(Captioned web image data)
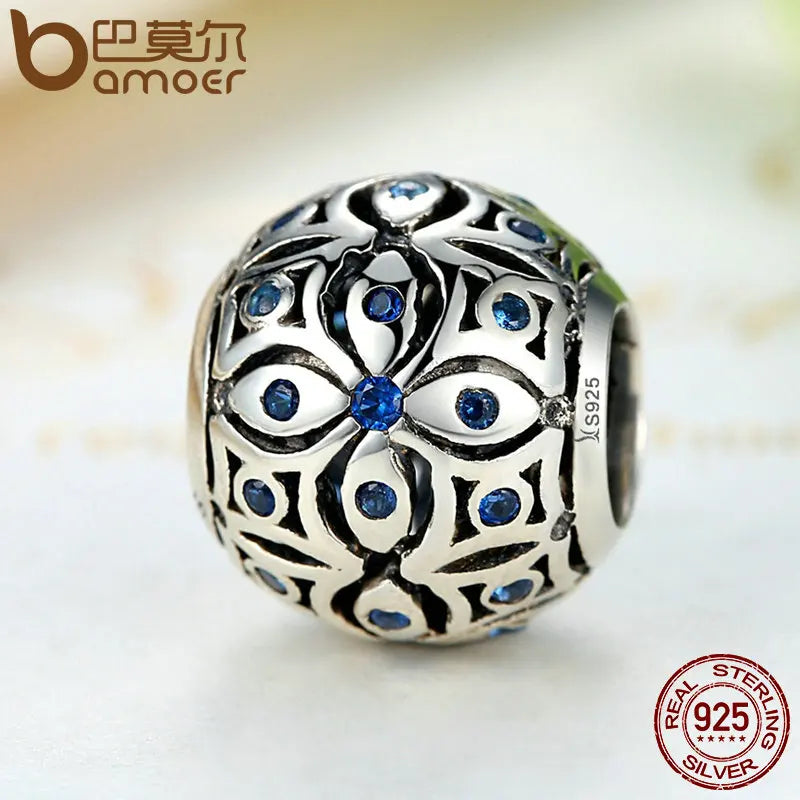 BAMOER 925 Sterling Silber Charms Mit Blau Kristalle S925 Perle Charme fit Armbänder & Armreifen für Frauen Schmuck SCC059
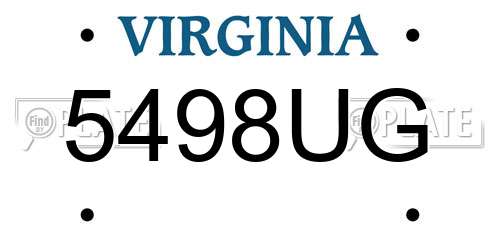 5498UG Virginia License Plate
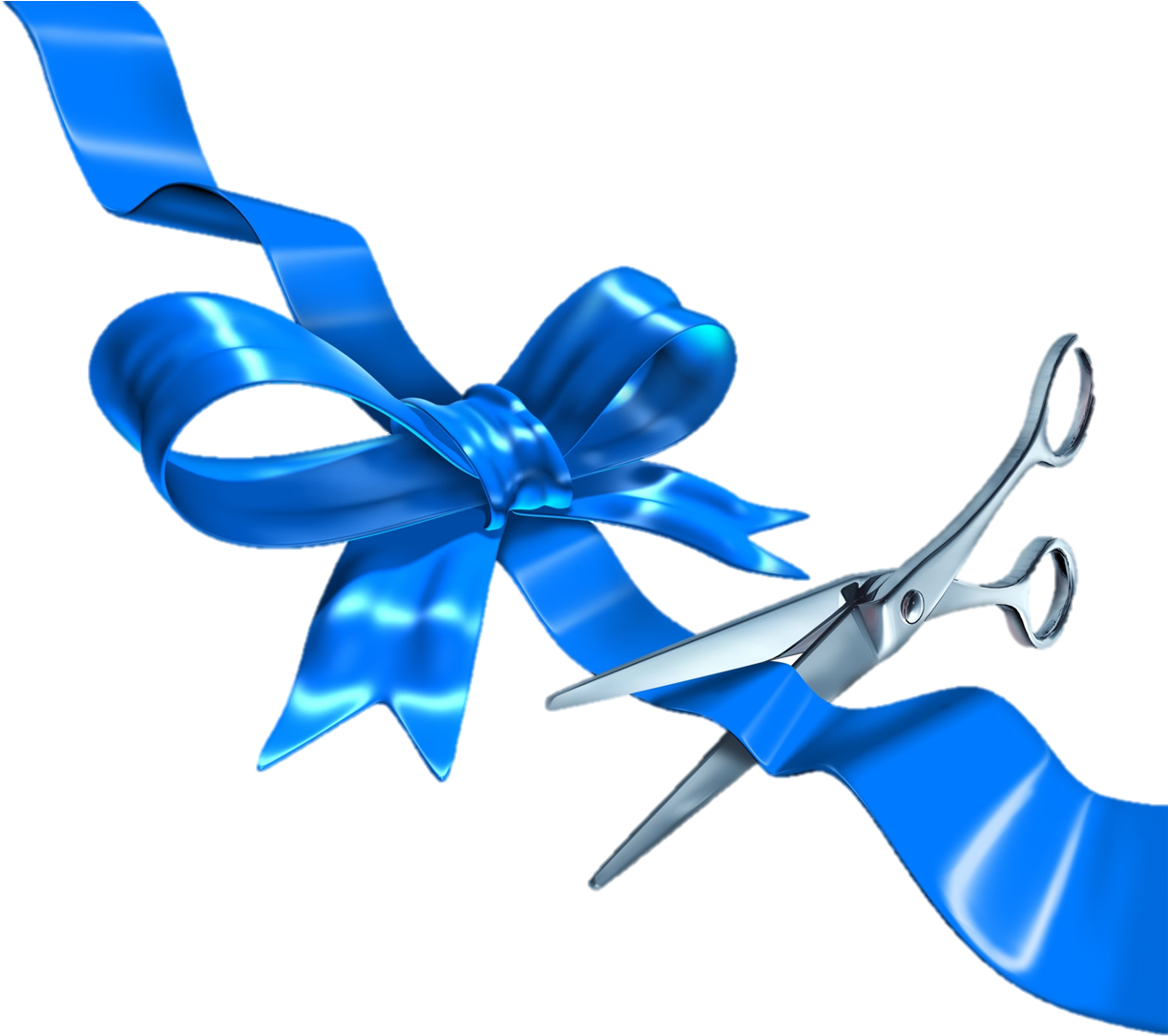 Blue Ribbon Cutting , Png Download Clipart (1224x1086), Png Download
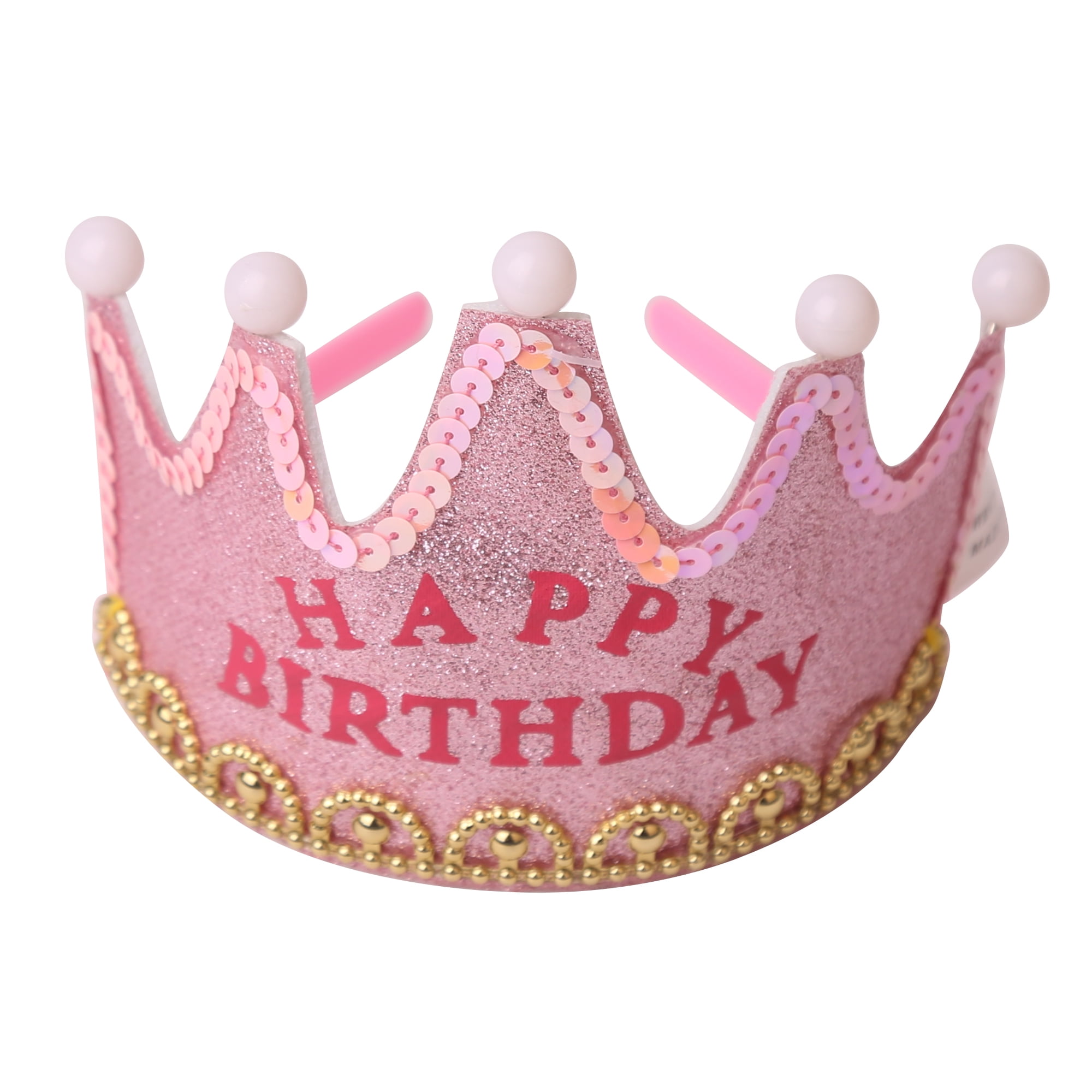 Glittery Pink Happy Birthday Light up Tiara Crown, Felt, Way to ...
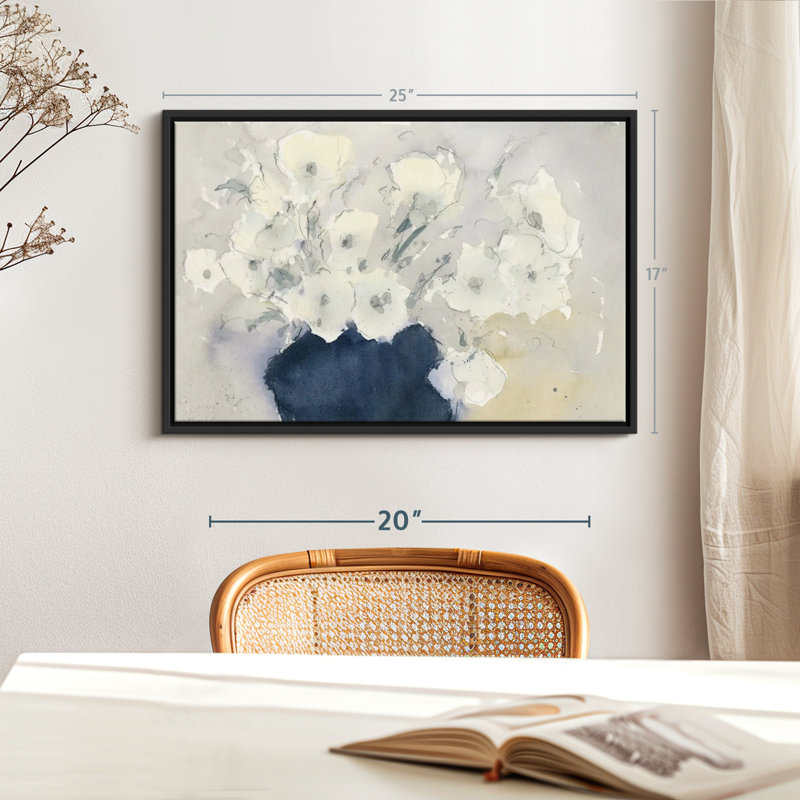 Floral and Botanical "Milky White Bouquet Canvas Print", H 17 po x l 25 po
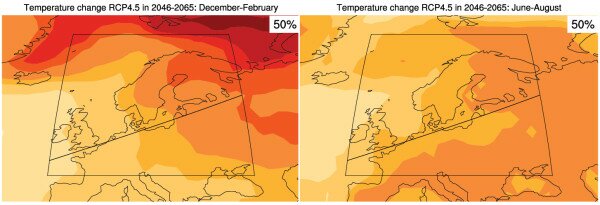Temperature change in Northern Europe by 2046-2065. (Original IPCC AR5 Fig. AI.37).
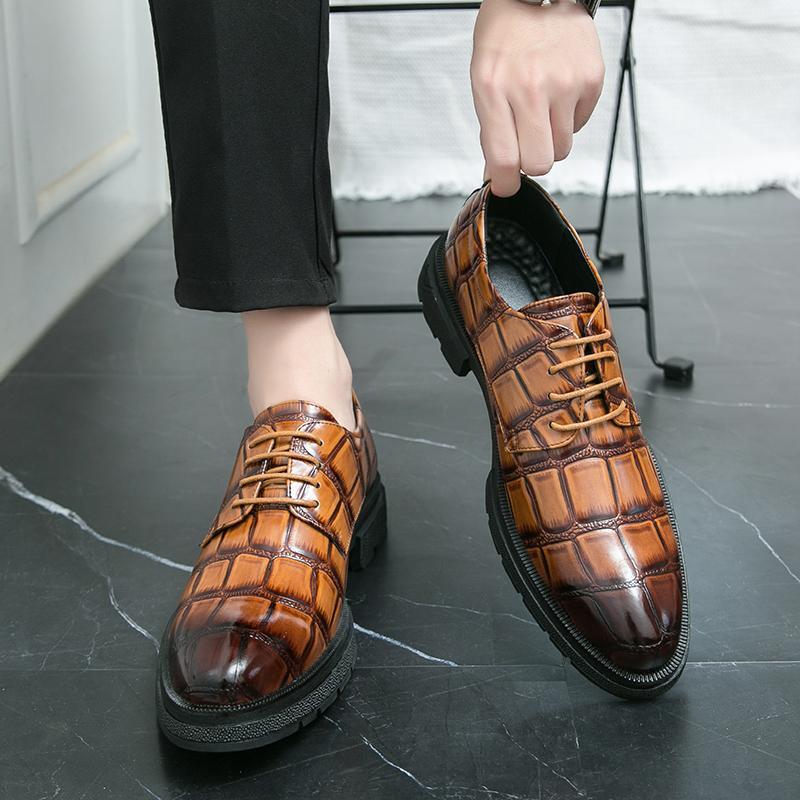 Mens Business Oxfords Formal British Pointed Toe Dress Lace Up Pump Casual Shoes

▶ _DIRECTIONS_
Where an entry contains an image, skip the image and write out the rest exactly.

▶ _ANSWER SPACE_
 BAMOER 925 Sterling Silber Charms Mit Blau Kristalle S925 Perle Charme fit Armbänder & Armreifen für Frauen Schmuck SCC059
 5498UG Virginia License Plate
 Blue Ribbon Cutting , Png Download Clipart (1224x1086), Png Download
 Glittery Pink Happy Birthday Light up Tiara Crown, Felt, Way to ...
 Floral and Botanical "Milky White Bouquet Canvas Print", H 17 po x l 25 po
Temperature change in Northern Europe by 2046-2065. (Original IPCC AR5 Fig. AI.37).
 Mens Business Oxfords Formal British Pointed Toe Dress Lace Up Pump Casual Shoes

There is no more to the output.